[[ Data for this exercise open ]]

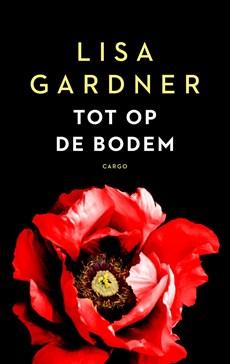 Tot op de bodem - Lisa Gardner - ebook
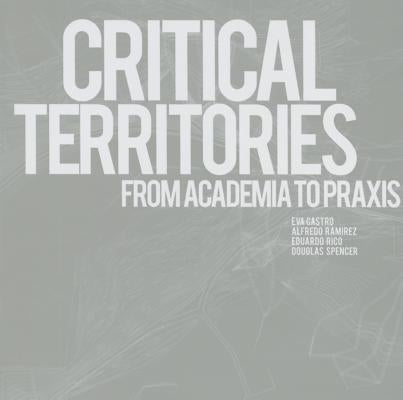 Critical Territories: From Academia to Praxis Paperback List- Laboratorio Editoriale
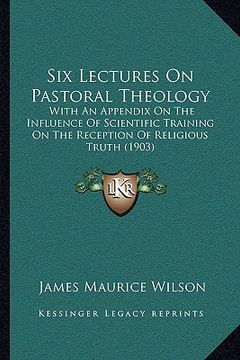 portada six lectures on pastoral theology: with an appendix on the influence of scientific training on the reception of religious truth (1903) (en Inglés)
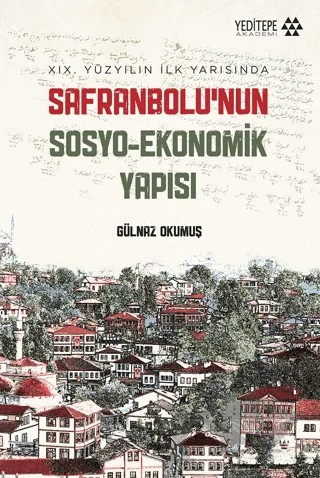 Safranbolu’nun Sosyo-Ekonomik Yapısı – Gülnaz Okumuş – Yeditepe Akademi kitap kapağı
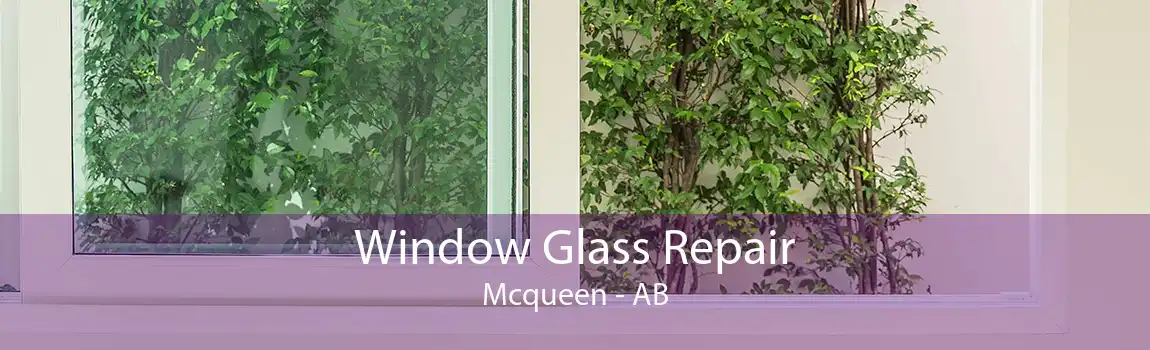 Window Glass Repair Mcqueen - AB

[[ Data for this exercise closed ]]
[[ Data for this exercise open ]]

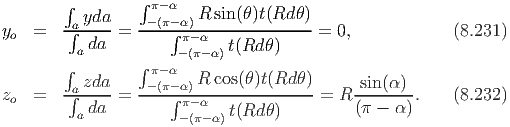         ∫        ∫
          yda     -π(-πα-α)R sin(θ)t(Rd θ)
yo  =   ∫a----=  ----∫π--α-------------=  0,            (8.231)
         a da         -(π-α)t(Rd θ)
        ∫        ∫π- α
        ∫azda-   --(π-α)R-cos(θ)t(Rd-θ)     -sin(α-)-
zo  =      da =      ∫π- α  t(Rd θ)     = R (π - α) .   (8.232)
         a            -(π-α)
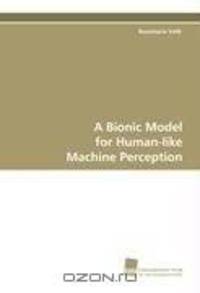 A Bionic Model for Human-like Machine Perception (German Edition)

[[ Data for this exercise closed ]]

Assignment:
Using the entries above, transcribe exactly from the line that has "-π(-πα-α)R sin(θ)t(Rd θ)" through the line that has "A Bionic Model". Pictures are dropped.

Response to this exercise:
          yda     -π(-πα-α)R sin(θ)t(Rd θ)
yo  =   ∫a----=  ----∫π--α-------------=  0,            (8.231)
         a da         -(π-α)t(Rd θ)
        ∫        ∫π- α
        ∫azda-   --(π-α)R-cos(θ)t(Rd-θ)     -sin(α-)-
zo  =      da =      ∫π- α  t(Rd θ)     = R (π - α) .   (8.232)
         a            -(π-α)
 A Bionic Model for Human-like Machine Perception (German Edition)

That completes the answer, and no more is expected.